(Your assignment) Your job is to set down the stretch of entries that opens with the line containing "Haus Bergblick am Grünen See" and closes with the line containing "Potato, food, vegetable, healthy, organic". Keep both end lines, copy each exactly, and add nothing.

(Material provided)
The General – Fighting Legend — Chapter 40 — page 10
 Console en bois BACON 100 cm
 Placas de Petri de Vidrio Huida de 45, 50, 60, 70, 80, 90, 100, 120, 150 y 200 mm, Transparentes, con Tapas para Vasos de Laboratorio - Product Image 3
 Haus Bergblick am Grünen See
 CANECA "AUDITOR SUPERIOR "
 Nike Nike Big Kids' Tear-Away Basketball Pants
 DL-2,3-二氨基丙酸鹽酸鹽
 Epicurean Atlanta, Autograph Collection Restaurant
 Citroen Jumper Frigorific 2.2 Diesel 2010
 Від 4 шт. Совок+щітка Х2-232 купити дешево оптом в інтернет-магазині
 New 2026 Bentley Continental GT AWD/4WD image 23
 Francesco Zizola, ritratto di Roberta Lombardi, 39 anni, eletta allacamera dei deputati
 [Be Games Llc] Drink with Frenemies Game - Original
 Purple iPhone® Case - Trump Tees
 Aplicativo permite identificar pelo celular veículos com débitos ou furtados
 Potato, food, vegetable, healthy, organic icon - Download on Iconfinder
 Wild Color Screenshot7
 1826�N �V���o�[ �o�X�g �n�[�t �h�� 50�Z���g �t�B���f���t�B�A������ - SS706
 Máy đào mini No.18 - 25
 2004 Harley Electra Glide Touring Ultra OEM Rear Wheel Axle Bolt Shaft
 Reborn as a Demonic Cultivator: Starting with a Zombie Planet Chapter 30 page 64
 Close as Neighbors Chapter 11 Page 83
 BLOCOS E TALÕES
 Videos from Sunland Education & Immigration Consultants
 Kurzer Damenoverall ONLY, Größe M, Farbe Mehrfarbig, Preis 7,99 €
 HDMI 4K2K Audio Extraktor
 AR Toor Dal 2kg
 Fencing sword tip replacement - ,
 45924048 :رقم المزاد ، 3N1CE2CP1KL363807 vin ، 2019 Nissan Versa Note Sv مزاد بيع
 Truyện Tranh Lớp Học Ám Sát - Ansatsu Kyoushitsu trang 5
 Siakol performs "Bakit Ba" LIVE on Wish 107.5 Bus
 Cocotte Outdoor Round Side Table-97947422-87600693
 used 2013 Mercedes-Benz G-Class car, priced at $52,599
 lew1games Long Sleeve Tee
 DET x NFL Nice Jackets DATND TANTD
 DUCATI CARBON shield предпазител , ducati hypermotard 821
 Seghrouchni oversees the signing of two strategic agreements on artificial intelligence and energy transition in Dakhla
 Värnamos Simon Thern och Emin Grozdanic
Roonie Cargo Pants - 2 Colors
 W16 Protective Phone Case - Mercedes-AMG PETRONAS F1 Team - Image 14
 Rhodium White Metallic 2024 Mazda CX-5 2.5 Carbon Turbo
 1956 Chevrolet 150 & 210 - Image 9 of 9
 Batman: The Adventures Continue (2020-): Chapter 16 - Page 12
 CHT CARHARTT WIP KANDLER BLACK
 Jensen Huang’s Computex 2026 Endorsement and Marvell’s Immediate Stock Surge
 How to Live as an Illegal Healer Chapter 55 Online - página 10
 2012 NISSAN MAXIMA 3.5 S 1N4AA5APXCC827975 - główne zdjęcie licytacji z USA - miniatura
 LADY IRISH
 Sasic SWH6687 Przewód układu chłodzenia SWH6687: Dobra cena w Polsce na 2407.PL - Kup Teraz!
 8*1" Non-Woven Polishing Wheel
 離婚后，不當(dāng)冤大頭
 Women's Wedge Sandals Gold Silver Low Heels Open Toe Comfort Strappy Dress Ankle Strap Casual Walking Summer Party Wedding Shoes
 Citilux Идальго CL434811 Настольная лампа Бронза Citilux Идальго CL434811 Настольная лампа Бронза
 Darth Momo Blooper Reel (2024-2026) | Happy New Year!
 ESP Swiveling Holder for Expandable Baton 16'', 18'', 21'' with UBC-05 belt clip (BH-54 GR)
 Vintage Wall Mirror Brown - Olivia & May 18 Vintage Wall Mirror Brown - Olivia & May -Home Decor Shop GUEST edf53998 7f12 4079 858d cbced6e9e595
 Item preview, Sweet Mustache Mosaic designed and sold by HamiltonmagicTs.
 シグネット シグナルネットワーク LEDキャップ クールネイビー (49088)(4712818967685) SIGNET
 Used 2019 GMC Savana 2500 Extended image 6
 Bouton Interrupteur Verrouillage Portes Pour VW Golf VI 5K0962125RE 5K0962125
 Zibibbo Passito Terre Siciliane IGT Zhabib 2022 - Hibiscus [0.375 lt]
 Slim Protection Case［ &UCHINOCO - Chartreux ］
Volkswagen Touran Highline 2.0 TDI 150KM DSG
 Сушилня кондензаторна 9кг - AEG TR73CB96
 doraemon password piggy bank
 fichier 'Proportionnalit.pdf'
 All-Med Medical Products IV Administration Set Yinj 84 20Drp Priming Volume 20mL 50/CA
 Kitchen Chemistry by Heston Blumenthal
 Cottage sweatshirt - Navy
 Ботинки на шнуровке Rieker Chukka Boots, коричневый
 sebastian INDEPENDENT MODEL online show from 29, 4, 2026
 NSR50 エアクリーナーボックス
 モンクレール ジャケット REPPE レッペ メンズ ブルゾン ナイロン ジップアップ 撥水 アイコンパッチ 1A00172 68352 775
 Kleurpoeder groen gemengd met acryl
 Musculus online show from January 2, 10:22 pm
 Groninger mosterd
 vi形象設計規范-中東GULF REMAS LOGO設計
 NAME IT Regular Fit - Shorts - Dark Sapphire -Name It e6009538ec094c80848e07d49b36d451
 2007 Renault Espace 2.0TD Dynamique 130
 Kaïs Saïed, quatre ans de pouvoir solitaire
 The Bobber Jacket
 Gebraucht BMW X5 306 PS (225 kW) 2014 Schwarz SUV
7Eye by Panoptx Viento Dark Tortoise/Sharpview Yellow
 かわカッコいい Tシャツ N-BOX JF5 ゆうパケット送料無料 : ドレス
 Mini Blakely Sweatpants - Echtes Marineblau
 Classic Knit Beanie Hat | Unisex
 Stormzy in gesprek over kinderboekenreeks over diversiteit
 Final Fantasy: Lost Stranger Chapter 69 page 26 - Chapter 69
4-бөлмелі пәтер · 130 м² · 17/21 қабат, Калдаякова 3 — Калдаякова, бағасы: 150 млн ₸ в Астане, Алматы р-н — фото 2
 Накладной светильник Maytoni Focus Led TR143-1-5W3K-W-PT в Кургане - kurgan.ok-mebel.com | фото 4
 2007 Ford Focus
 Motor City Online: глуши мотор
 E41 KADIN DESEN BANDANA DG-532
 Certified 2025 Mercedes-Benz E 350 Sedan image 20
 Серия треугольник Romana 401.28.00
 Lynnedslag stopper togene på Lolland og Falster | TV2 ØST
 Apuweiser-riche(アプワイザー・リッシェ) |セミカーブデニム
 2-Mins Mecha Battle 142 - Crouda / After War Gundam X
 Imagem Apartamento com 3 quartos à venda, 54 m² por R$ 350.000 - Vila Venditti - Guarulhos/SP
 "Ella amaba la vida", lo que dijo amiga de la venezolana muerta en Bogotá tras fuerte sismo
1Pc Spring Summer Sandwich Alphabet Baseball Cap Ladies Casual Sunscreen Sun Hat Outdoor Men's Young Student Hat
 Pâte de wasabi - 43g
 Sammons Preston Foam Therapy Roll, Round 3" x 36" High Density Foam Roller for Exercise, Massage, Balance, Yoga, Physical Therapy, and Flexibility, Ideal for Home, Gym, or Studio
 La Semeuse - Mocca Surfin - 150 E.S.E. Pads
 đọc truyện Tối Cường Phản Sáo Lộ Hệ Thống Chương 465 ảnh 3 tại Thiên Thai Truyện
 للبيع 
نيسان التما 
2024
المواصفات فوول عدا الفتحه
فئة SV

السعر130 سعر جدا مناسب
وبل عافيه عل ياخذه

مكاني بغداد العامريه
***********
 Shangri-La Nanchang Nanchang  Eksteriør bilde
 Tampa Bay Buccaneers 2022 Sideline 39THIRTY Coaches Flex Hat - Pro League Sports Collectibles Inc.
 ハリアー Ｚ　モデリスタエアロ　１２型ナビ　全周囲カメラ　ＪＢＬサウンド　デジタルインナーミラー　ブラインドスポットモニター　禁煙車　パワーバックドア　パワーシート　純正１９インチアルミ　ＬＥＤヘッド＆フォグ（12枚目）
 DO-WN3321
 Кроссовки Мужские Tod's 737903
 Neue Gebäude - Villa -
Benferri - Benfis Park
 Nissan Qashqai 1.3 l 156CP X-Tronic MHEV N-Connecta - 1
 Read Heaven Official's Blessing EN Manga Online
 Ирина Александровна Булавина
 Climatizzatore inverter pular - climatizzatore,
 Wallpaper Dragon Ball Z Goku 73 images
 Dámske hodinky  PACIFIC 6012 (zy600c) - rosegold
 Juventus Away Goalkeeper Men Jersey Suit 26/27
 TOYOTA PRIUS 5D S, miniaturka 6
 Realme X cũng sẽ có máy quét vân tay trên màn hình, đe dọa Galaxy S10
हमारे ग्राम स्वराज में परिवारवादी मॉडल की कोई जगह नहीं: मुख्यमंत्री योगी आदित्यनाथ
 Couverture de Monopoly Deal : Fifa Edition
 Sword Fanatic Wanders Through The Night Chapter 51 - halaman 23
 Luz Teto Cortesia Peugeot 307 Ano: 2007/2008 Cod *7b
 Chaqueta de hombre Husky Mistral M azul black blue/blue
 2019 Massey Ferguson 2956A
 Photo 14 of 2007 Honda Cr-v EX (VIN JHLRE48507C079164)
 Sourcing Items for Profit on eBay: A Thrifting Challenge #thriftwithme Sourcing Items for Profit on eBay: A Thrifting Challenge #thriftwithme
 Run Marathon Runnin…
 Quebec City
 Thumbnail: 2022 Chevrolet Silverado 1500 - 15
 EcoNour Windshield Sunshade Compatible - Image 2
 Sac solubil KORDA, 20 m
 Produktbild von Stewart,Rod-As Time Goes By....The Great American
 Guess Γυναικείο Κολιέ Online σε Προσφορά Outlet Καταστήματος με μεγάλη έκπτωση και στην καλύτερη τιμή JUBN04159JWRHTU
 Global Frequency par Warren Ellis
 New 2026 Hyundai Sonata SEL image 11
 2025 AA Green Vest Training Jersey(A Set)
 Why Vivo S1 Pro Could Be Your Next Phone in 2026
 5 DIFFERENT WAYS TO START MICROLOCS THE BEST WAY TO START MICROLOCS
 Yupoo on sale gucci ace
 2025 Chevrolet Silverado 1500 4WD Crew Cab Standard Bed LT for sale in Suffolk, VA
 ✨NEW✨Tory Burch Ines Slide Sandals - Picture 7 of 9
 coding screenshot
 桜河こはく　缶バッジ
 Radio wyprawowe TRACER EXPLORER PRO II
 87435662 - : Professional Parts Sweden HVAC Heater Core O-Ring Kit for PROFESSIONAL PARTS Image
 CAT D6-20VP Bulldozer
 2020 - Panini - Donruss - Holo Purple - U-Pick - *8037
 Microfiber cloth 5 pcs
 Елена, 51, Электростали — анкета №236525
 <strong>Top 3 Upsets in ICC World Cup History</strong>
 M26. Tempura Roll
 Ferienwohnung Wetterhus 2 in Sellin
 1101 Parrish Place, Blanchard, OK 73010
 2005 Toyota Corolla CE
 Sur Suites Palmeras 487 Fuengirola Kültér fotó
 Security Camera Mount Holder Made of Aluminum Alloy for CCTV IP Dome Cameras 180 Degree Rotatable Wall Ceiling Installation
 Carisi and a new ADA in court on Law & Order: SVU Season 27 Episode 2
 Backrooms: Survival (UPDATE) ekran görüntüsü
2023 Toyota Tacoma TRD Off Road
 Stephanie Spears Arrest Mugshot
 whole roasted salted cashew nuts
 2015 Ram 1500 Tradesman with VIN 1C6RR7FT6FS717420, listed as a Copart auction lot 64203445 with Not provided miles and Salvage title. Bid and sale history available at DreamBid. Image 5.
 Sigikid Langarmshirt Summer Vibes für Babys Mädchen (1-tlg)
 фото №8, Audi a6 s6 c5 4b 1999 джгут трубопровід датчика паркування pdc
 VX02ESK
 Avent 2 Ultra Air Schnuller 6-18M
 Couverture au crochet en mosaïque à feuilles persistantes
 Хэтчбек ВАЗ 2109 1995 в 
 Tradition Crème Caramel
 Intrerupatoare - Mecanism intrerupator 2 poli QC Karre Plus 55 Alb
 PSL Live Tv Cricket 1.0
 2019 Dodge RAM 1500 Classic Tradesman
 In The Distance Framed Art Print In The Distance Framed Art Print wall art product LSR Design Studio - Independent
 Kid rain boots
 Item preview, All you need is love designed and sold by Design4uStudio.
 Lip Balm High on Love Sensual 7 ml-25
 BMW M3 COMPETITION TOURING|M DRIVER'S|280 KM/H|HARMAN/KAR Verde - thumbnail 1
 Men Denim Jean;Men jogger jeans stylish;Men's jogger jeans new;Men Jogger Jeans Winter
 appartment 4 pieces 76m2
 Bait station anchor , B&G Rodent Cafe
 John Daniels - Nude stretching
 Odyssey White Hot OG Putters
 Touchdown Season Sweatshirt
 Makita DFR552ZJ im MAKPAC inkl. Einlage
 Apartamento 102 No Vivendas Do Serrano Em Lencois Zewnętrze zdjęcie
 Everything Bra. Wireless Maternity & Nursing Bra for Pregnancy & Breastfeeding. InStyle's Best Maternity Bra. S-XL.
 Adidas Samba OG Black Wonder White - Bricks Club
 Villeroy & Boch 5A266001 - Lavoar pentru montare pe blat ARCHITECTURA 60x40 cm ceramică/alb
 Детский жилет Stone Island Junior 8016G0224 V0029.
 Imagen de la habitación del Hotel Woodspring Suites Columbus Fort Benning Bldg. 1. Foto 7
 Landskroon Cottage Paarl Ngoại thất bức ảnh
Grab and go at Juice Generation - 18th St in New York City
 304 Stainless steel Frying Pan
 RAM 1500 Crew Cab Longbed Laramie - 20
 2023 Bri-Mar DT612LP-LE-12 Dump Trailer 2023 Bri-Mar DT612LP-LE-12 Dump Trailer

(Output below)
 Haus Bergblick am Grünen See
 CANECA "AUDITOR SUPERIOR "
 Nike Nike Big Kids' Tear-Away Basketball Pants
 DL-2,3-二氨基丙酸鹽酸鹽
 Epicurean Atlanta, Autograph Collection Restaurant
 Citroen Jumper Frigorific 2.2 Diesel 2010
 Від 4 шт. Совок+щітка Х2-232 купити дешево оптом в інтернет-магазині
 New 2026 Bentley Continental GT AWD/4WD image 23
 Francesco Zizola, ritratto di Roberta Lombardi, 39 anni, eletta allacamera dei deputati
 [Be Games Llc] Drink with Frenemies Game - Original
 Purple iPhone® Case - Trump Tees
 Aplicativo permite identificar pelo celular veículos com débitos ou furtados
 Potato, food, vegetable, healthy, organic icon - Download on Iconfinder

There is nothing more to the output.